____ Given data
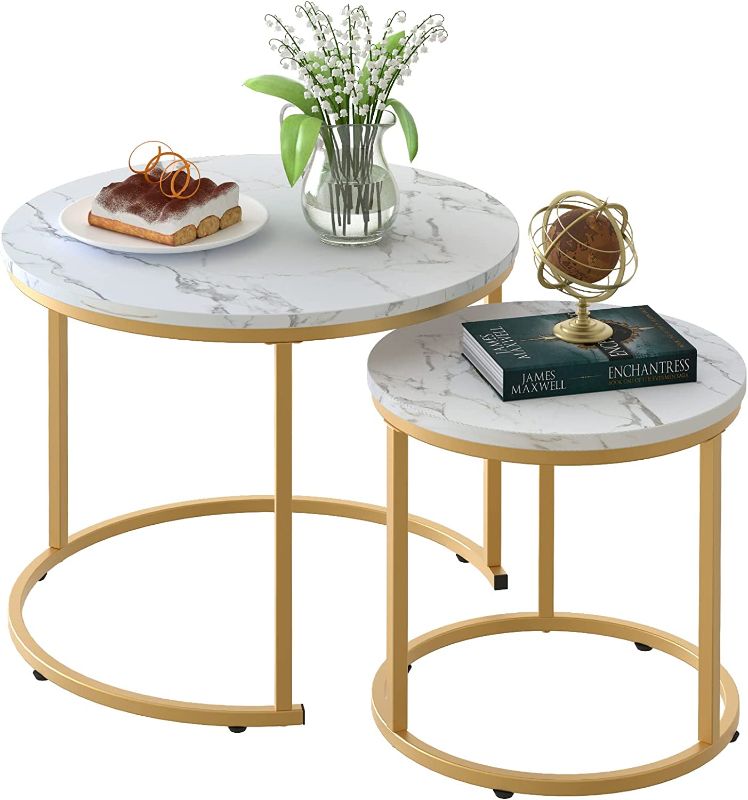 Photo 1 of aboxoo Coffee Table Nesting White Set of 2 Side Set Golden Frame Circular and Marble Pattern Wooden Tables, Living Room Bedroom Apartment Modern Industrial Simple Nightstand
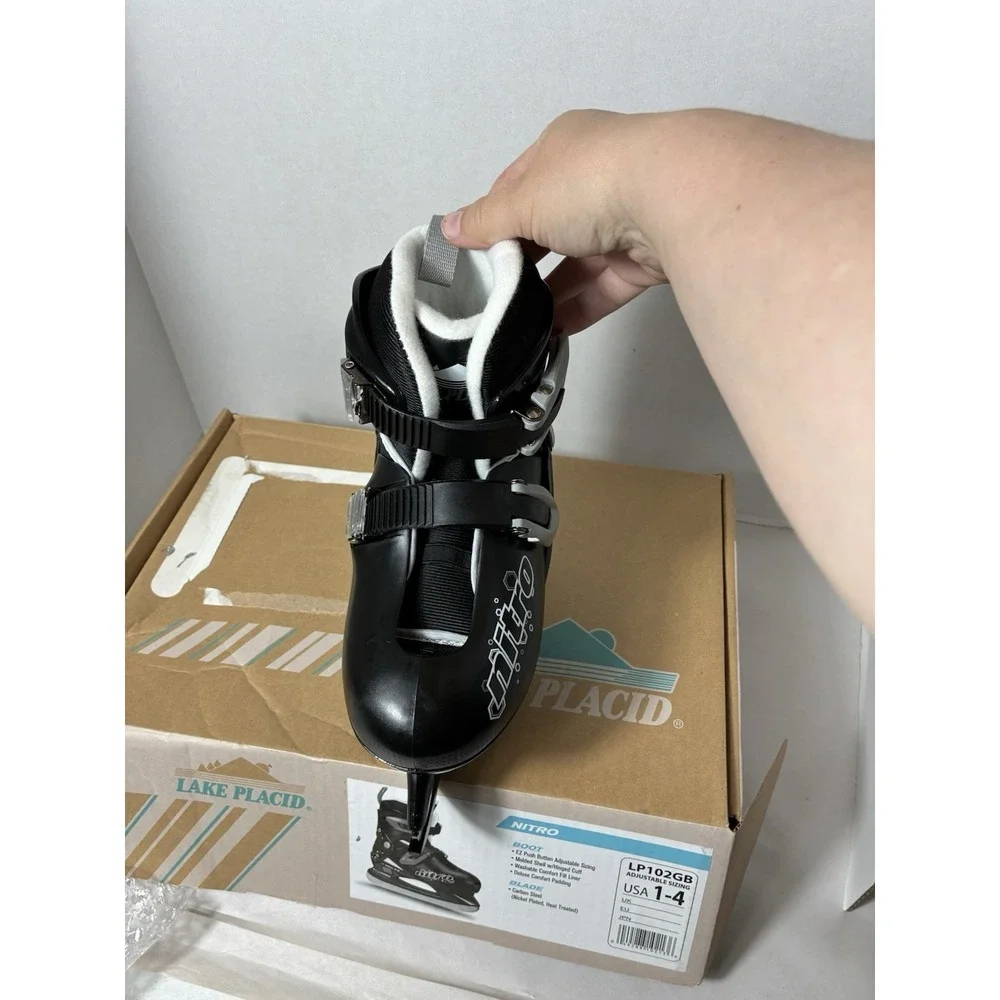 Lake Placid Boys Black Nitro Adjustable Ice Skates Youth Size 1-4 Washable Liner
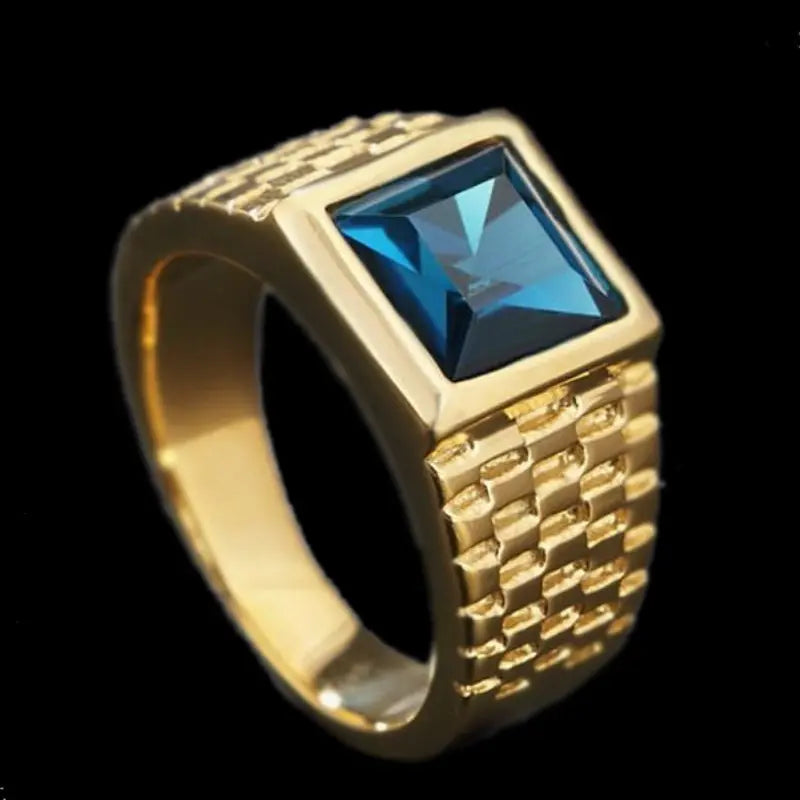 Sapphire-Emerald Brick Style Ring
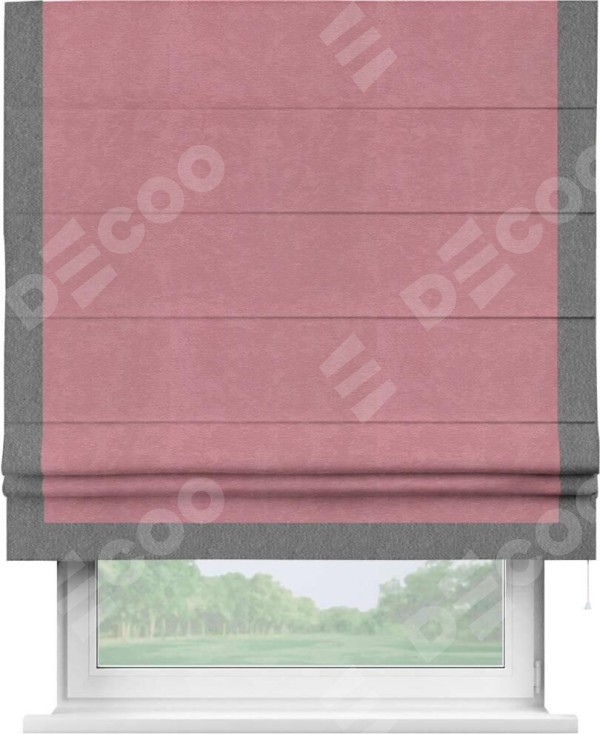 Римская штора «Кортин» с кантом Виктория, для проема, ткань софт однотонный розовый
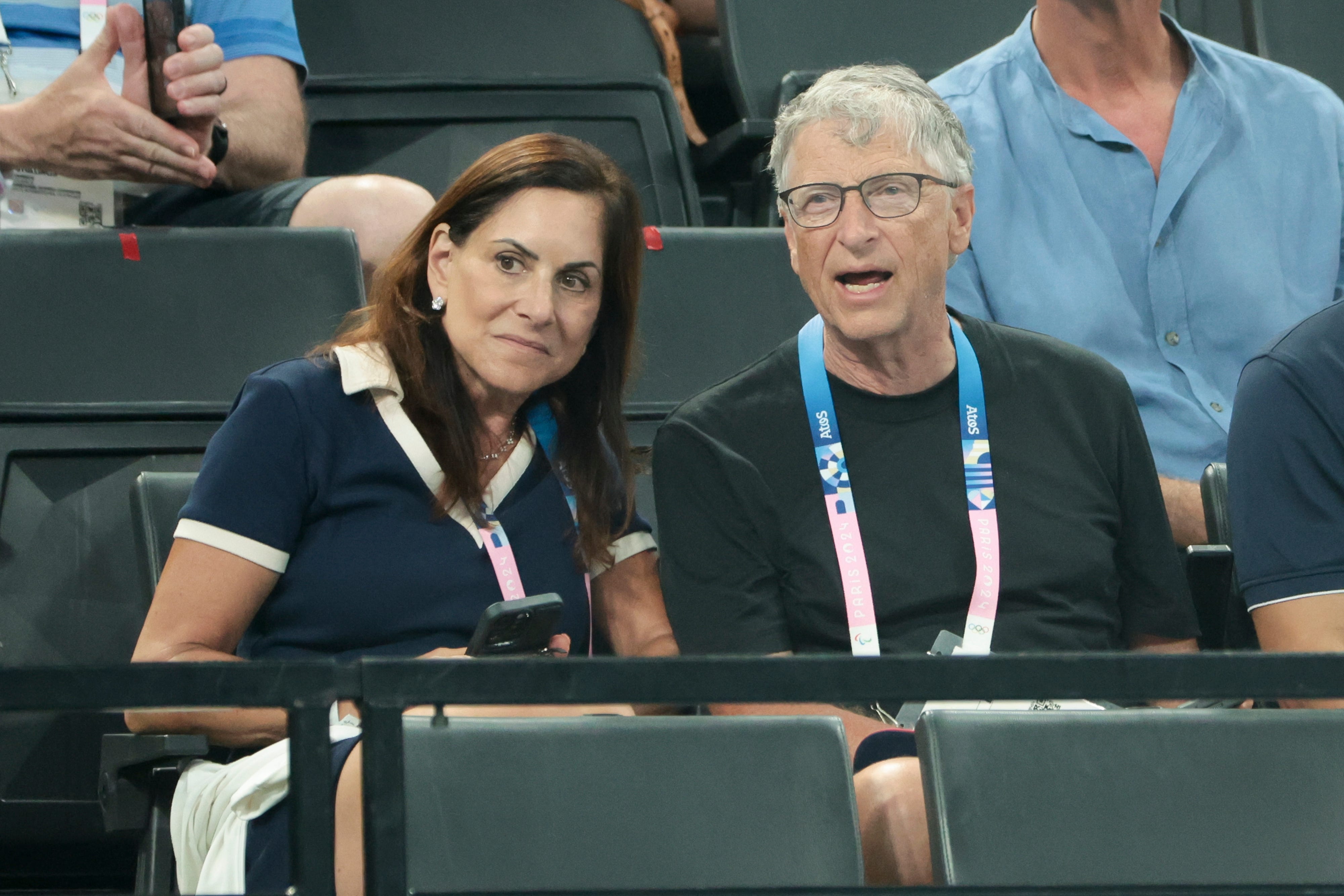 Bill Gates and Paula Hurd at the Paris Olympics.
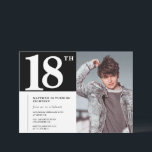 Black 18th birthday invitations Modern Chic Photo<br><div class="desc">Black 18th birthday invitations Modern Chic Photo calligraphy typography classic elegant man male</div>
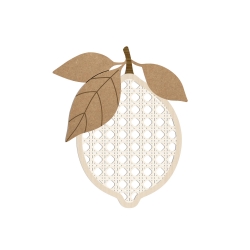 Décoration murale citron cannage en bois
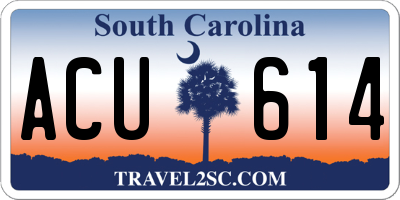 SC license plate ACU614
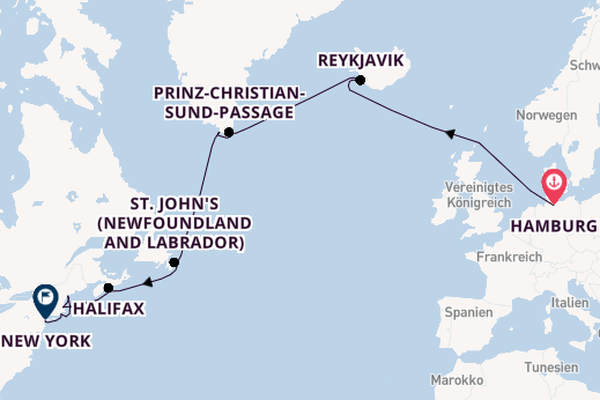 Transatlantik ab Hamburg auf AIDAluna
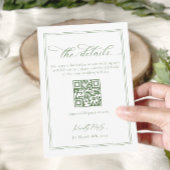 Witte en groene bruiloft details QR-code Informatiekaartje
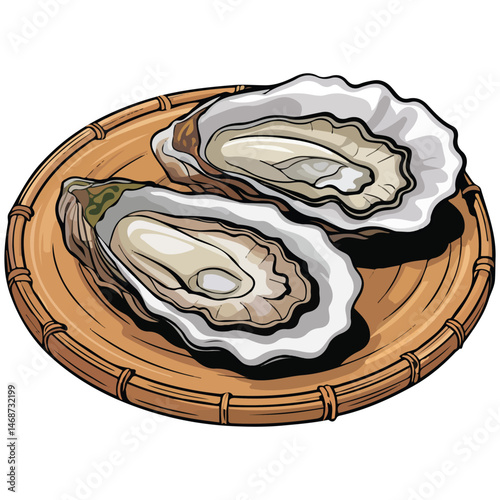 Oysters on bamboo colander isolated vector illustration on white background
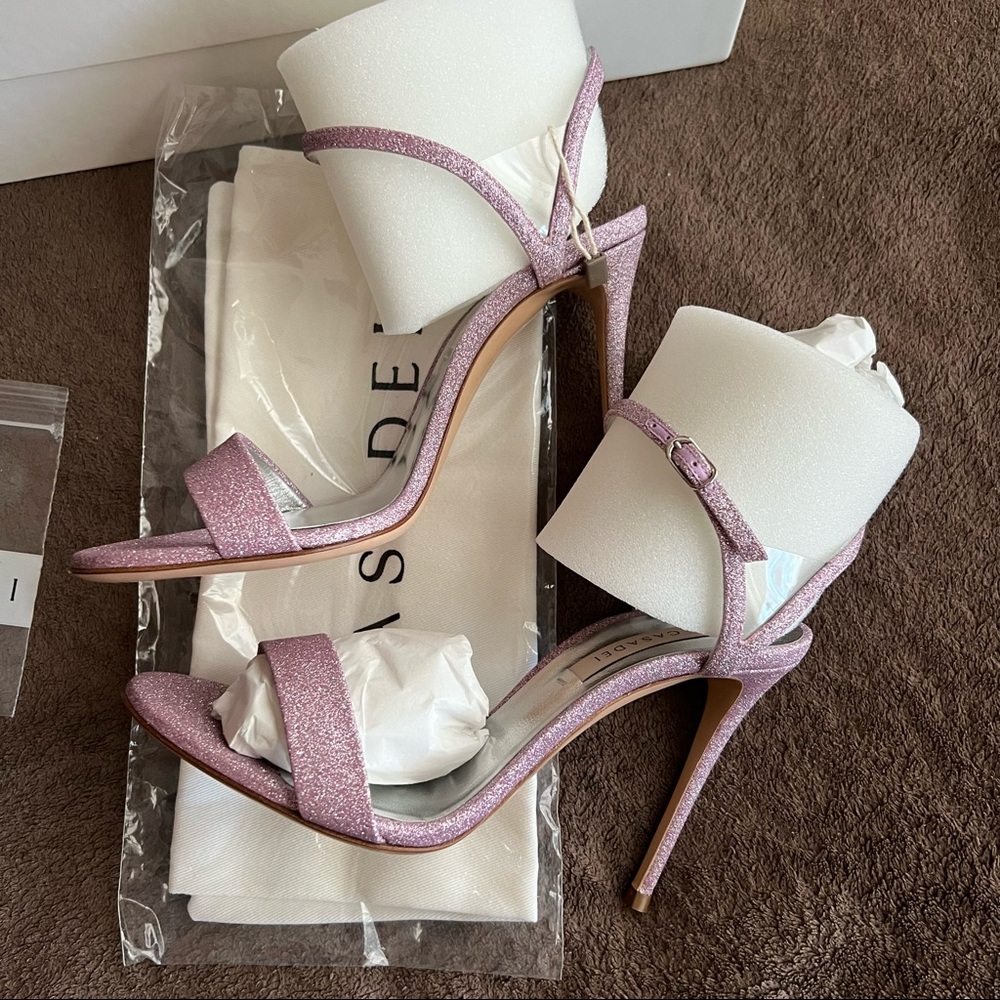 CASADEI
PVC-trimmed glittered woven sandals heels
________
Your objective: Leave out any pictures and return exactly the lines from the beginning of the data through the line with "Witte en groene", inclusive.

Written answer:
 Photo 1 of aboxoo Coffee Table Nesting White Set of 2 Side Set Golden Frame Circular and Marble Pattern Wooden Tables, Living Room Bedroom Apartment Modern Industrial Simple Nightstand
 Lake Placid Boys Black Nitro Adjustable Ice Skates Youth Size 1-4 Washable Liner
 Sapphire-Emerald Brick Style Ring
 Римская штора «Кортин» с кантом Виктория, для проема, ткань софт однотонный розовый
 Bill Gates and Paula Hurd at the Paris Olympics.
 Black 18th birthday invitations Modern Chic Photo<br><div class="desc">Black 18th birthday invitations Modern Chic Photo calligraphy typography classic elegant man male</div>
 Décoration murale citron cannage en bois
 SC license plate ACU614
 Transatlantik ab Hamburg auf AIDAluna
 Witte en groene bruiloft details QR-code Informatiekaartje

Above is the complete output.